1a. If I'm correct, why is RVO (Return Value Optimization) needed?
In the second case, the object will be allocated through a dynamic storage, i.e. it will exist even out of the function scope. So I need to use a deleteon it. The function returns a pointer to such object, so there's no copy made this time, and performing delete who will free the previously allocated memory. Am I (hopefully) correct?
Also I understand I can do something like this:
MyClass& getClass(){
return MyClass();
}
and then in main:
MyClass who = getClass();
In this way I'm just telling that "who" is the same object as the one created in the function. Though, now we're out of the function scope and thus that object doesn't necessarily exists anymore. So I think this should be avoided in order to avoid trouble, right? (and the same goes for
MyClass* who = &getClass();
which would create a pointer to the local variable).
Bonus question: I assume that anything said till now is also true when returning vector<T>(say, for example, vector<double>), though I miss some pieces.
I know that a vector is allocated in the stack while the things it contains are in the heap, but using vector<T>::clear() is enough to clear such memory.
Now I want to follow the first procedure (i.e. return a vector by value): when the vector will be copied, also the onjects it contains will be copied; but exiting the function scope destroys the first object. Now I have the original objects that are contained nowhere, since their vector has been destroyed and I have no way of deleting such objects that are still in the heap. Or maybe a clear() is performed automatically?
I know that I may beatray some misunderstandings in these subjects (expecially in the vector part), so I hope you can help me clarify them.
Q1. What happens conceptually is the following: you create an object of type MyClass on the stack in the stack frame of getClass.

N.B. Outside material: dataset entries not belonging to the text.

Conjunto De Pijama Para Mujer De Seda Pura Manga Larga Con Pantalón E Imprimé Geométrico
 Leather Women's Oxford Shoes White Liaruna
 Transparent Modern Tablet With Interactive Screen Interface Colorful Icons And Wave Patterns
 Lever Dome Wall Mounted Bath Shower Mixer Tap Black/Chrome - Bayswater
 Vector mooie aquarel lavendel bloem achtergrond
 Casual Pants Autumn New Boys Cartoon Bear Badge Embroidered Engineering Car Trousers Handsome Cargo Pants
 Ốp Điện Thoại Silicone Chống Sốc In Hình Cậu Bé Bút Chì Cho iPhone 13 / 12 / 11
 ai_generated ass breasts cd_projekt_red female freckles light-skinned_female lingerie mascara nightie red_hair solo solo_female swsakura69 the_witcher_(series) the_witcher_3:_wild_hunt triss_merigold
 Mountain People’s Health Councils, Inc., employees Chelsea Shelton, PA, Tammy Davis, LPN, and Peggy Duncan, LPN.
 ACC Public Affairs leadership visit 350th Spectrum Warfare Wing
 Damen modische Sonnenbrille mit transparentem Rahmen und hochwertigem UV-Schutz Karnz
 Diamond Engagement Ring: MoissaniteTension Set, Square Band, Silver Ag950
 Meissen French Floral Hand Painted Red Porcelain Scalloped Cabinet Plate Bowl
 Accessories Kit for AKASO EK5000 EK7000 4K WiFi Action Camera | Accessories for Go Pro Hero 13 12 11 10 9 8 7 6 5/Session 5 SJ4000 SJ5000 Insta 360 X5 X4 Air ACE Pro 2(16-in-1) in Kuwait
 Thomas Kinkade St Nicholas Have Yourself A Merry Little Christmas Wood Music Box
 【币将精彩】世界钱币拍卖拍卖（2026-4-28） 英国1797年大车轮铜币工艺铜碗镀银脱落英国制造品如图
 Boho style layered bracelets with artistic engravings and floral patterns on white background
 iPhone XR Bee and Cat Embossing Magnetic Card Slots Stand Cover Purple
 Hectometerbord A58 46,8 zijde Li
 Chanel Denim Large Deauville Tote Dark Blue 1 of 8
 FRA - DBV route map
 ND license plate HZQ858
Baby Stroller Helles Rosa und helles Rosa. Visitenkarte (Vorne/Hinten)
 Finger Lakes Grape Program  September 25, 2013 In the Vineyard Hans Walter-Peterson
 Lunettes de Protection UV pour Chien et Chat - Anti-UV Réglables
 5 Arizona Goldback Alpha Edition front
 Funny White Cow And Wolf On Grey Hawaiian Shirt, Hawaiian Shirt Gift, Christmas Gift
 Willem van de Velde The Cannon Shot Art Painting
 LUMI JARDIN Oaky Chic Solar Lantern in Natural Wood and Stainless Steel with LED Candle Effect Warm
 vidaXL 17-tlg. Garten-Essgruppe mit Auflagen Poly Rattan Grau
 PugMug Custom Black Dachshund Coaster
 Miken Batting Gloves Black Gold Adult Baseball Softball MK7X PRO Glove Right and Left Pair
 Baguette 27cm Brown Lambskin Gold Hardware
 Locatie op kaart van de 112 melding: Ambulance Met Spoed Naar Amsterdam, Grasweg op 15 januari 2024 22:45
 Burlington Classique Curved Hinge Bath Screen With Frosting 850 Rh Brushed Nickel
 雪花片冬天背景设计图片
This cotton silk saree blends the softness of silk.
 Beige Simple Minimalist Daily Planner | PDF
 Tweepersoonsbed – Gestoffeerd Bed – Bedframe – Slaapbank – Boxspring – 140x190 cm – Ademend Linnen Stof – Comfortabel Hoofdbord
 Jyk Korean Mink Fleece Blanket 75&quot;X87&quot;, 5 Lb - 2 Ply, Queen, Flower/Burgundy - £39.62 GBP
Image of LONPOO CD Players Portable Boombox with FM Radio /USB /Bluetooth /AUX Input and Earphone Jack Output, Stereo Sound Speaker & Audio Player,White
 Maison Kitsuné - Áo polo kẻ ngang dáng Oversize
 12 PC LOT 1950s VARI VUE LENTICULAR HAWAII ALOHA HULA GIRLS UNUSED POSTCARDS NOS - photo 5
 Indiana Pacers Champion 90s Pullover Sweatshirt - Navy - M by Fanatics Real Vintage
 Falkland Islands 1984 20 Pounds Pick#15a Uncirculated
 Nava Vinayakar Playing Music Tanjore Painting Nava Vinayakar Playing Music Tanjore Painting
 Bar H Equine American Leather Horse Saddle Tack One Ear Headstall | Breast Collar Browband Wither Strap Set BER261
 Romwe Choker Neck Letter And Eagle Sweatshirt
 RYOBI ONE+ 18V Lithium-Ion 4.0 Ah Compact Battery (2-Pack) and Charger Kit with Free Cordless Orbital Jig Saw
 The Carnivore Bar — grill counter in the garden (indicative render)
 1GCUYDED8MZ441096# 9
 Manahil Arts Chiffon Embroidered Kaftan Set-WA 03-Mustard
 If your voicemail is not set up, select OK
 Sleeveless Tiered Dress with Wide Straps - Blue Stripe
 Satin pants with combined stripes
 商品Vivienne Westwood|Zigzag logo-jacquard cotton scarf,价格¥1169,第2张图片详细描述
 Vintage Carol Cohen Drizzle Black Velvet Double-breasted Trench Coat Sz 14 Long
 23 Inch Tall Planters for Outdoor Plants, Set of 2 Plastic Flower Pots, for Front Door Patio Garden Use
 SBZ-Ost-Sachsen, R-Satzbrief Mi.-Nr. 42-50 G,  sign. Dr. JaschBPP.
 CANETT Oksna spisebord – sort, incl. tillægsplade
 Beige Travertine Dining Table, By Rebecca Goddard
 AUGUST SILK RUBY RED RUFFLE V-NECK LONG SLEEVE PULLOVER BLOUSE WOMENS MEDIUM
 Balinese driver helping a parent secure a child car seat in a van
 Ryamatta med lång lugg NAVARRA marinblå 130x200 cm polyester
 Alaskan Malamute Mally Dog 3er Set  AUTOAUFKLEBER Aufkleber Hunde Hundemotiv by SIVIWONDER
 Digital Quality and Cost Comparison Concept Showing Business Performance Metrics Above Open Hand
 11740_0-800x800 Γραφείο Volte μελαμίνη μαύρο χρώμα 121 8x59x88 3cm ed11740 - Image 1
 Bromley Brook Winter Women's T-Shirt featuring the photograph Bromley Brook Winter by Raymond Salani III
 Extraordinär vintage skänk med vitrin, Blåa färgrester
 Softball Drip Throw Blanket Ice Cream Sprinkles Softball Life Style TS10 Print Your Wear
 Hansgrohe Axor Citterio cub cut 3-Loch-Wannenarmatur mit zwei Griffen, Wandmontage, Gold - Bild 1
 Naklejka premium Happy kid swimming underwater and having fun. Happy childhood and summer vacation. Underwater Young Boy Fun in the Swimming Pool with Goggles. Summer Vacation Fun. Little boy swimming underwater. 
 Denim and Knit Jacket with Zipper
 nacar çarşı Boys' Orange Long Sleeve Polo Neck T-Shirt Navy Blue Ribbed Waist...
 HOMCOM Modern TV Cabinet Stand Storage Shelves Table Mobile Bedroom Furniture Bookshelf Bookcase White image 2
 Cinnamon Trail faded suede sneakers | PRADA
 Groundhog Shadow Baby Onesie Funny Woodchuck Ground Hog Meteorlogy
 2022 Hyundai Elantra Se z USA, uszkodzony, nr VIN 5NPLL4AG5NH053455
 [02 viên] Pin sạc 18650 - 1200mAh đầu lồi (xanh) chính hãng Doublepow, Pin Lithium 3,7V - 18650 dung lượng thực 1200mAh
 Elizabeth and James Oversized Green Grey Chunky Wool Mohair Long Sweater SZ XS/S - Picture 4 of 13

You then copy that object into the return value of the function, which is a bit of stack that was allocated before the function call to hold this object.
Then the function returns, the temporary gets cleaned up. You copy the return value into the local variable what. So you have one allocation and two copies.
Most (all?) compilers are smart enough to omit the first copy: the temporary is not used except as return value. However, the copy from the return value into the local variable on the caller side cannot be omitted, because the return value lives on a part of the stack that is freed as soon as the function finishes.
Q1a. Return Value Optimization (RVO) is a special feature, that does allow that final copy to be elided. That is, instead of returning the function result on the stack, it will be allocated straight away in the memory allocated for what, avoiding all copying altogether. Note that, contrary to all other compiler optimizations, RVO can change the behaviour of your program! You could give MyClass a non-default copy constructor, that has side effects, like printing a message to the console or liking a post on Facebook. Normally, the compiler is not allowed to remove such function calls unless it can prove that these side effects are absent. However, the C++ specs contain a special exception for RVO, that says that even if the copy constructor does something non-trivial, it is still allowed to omit the return value copy and reduce the whole thing to a single constructor call.
2. In the second case, the MyClass instance is not allocated on the stack, but on the heap. The result of the new operator is an integer: the address of the object on the heap. This is the only point where you will ever be able to obtain this address (provided you didn't use placement new), so you need to hold onto it: if you lose it, you cannot call delete and you will have created a memory leak.
You assign the result of new to a variable whose type is denoted by MyClass* so that the compiler can do type checking and stuff, but in memory it is just an integer large enough to hold an address on your system (32- or 64-bits). You can check this for yourself by trying to coerce the result to a size_t (which is typedef'd to typically an unsigned int or something larger depending on your architecture) and seeing the conversion succeed.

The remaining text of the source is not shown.